It noted that core inflation, “a metric that excludes volatile and administered price elements,” sustained its steadfastness, registering a 1.7% year-on-year increase.

“BNM’s forecast for this year anticipates headline inflation, ranging between 2% and 3.5%, factoring in potential pressures stemming from fuel subsidy rationalisation.

“This projection underscores the significance of both domestic and external dynamics in shaping inflationary trends,” it added.

Public IB noted that domestically, adjustments in essential item prices, particularly within the energy and food sectors, “could exert upward pressure on inflation, especially in the event of modifications to blanket fuel subsidies.”

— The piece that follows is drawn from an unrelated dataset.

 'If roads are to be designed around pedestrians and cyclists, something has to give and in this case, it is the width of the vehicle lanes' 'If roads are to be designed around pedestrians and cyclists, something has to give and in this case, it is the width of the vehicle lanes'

“Additionally, exchange rate fluctuations are highlighted as a critical factor, particularly for import-sensitive sectors like food and transportation.

“However, amidst these inflationary forces, subdued global growth prospects offer a counterbalancing effect, potentially alleviating inflationary pressures by exerting a downward force on commodity prices,” it said.

Public IB said core inflation is envisaged to average between 2% and 3% in 2024 (3% in 2023).

Nevertheless, it said the short-term ramifications of fuel subsidy rationalisation on inflation and growth are contingent upon the magnitude and timing of price adjustments.

“The implementation of targeted assistance alongside subsidy rationalisation will play a crucial role in mitigating the impact on vulnerable segments during the transition period,” it said.